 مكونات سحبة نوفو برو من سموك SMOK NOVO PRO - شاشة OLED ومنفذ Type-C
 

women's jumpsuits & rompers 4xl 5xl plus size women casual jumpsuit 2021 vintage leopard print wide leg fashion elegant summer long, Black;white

+ + + +

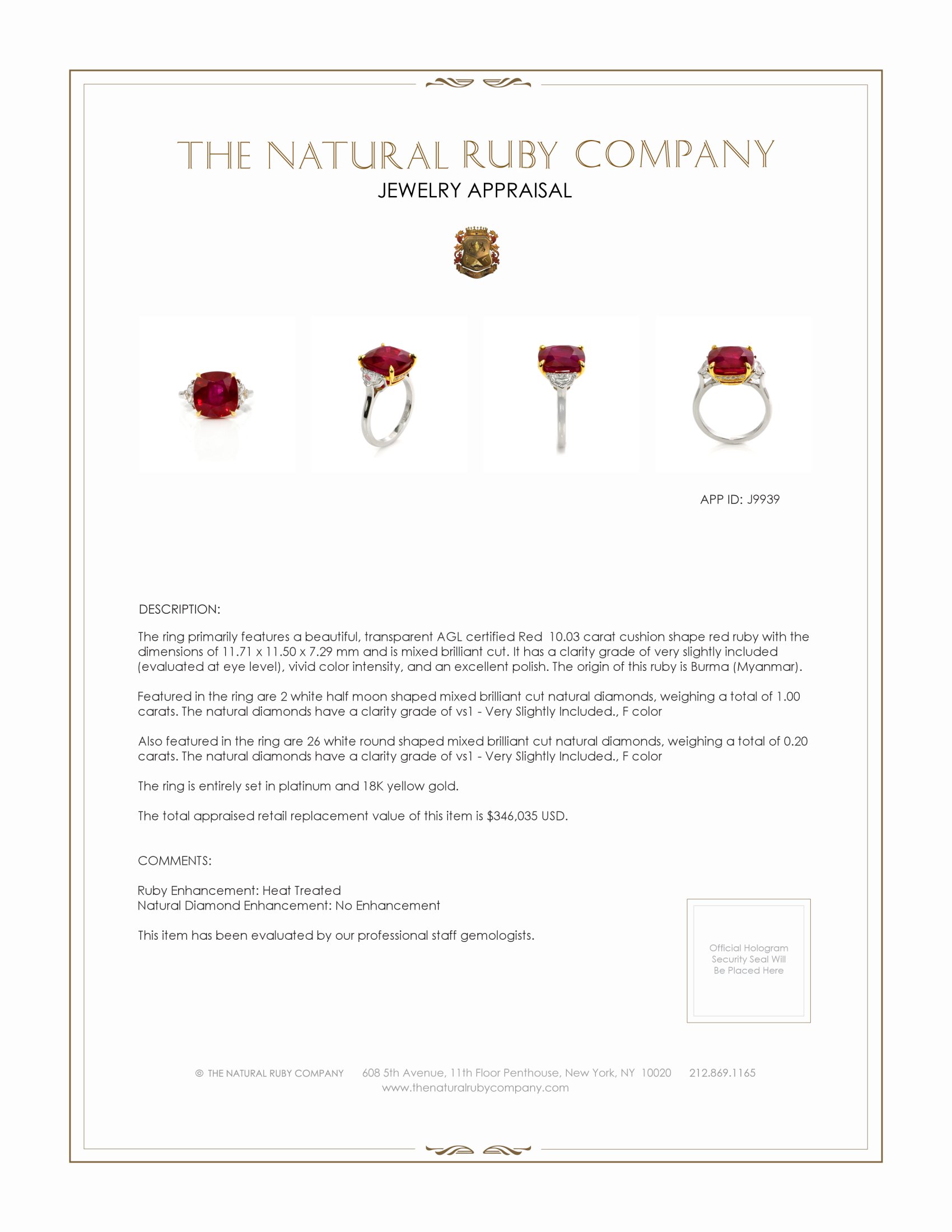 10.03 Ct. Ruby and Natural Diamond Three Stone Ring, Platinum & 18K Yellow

+ + + +

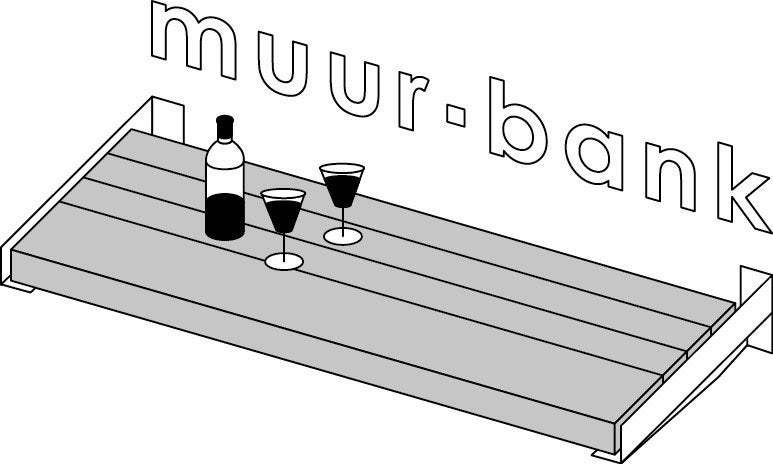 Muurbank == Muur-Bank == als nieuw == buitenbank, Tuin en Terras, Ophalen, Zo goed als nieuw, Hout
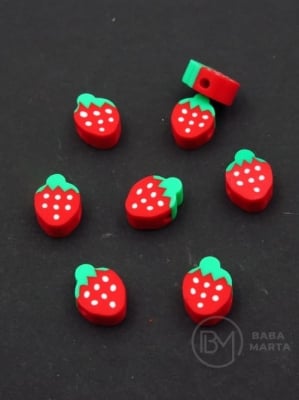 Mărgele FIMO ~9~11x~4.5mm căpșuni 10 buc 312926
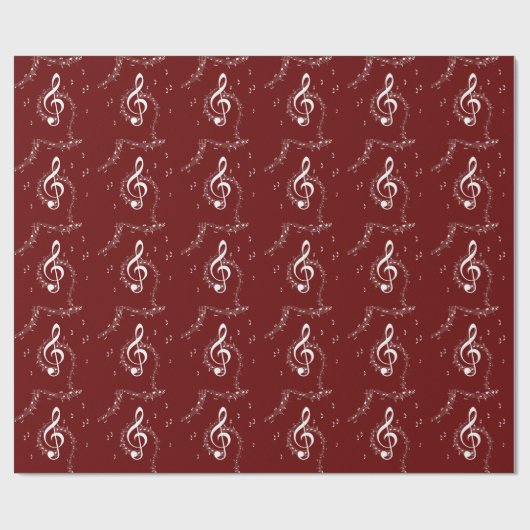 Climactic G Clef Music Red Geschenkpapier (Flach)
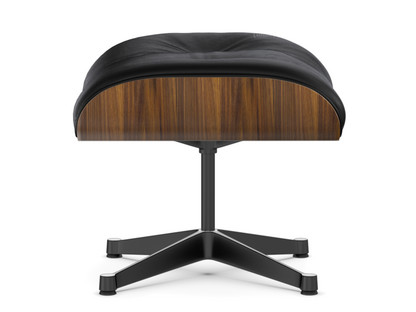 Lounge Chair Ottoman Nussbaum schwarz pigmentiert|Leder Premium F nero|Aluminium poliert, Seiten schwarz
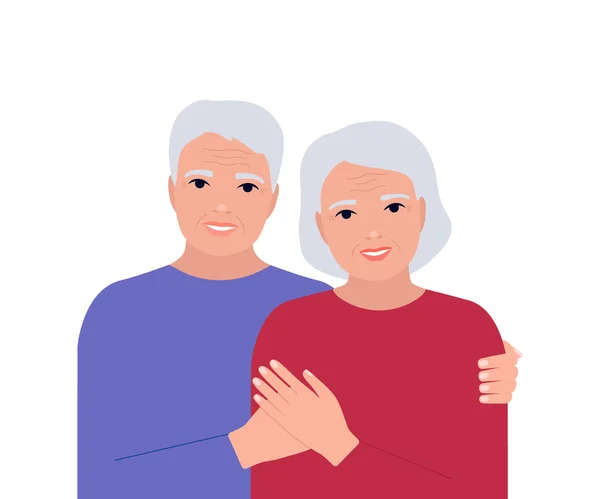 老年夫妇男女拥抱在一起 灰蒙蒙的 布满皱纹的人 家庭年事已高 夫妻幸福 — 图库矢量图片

+ + + +

▶ _Goal of the exercise_: Starting with the line that holds "مكونات سحبة نوفو" and ending with the line that holds "women's jumpsuits &", retype every line in the data above exactly, and nothing else.

▶ _Expected answer_:
 مكونات سحبة نوفو برو من سموك SMOK NOVO PRO - شاشة OLED ومنفذ Type-C
 

women's jumpsuits & rompers 4xl 5xl plus size women casual jumpsuit 2021 vintage leopard print wide leg fashion elegant summer long, Black;white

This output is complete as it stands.